How can i set hardware breakpoint on the memory section?

newsoft said...

Hello anonymous,

It is hard to debug your issue through blog comments :) Here are a few ideas:

- You might want to check if your processor supports hardware breakpoints.

- Security policies are not always that easy to change. Some operator-customized SmartPhones require "privileged" application to be signed by the operator.

- You might want to be sure that your operating system is supported by IDA Debugger. I have heard that Windows Mobile 6.0 now supports access controls (there is a LSASS process). This might interfere with IDA Debugger. Just try in Windows Mobile 4.2 or 5.0 emulator first (it is a free download from Microsoft).

In any case, for IDA-related questions, Hex-Rays forums might be the best place to go.

Anonymous said...

Tanks for your replying.
I`m from Korea.
And I`m not good at writing in English.
You may have some trouble in reading my sentence.

I use WM 5.0 Emulator included in Visual studio 2008. It uses ARM processor.
Security policies have set 1 as a default.

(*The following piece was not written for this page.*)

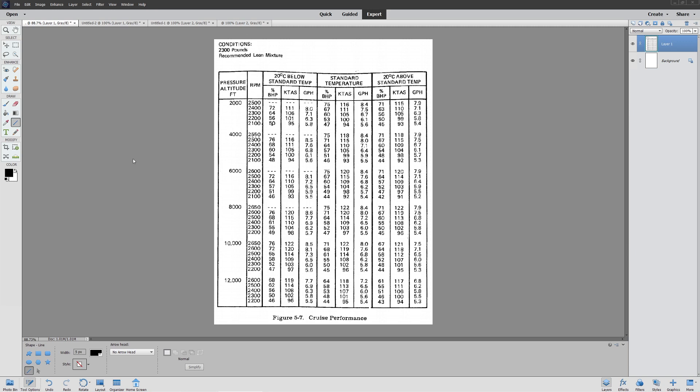Hello everyone, we're continuing our series concerning calculating fuel performance of an aircraft as well as advanced navigation. Today we're going to be looking at the big tricky one, which is cruise performance.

I have a HP IPAQ pocket PC based on WM5.0.(ARM processor)

Should I have to use a PDA instead of an Emulator?

newsoft said...

@anonymous: I really don't know for sure.

My bet is that the emulator should be closer to the default configuration and easier to debug than a "real" PDA.

So you might have an issue with the IDA debugging stub. After all, it still should be considered as of "beta" quality (I reported a couple of bugs myself).

Maybe you should try upgrading to a newer version of IDA.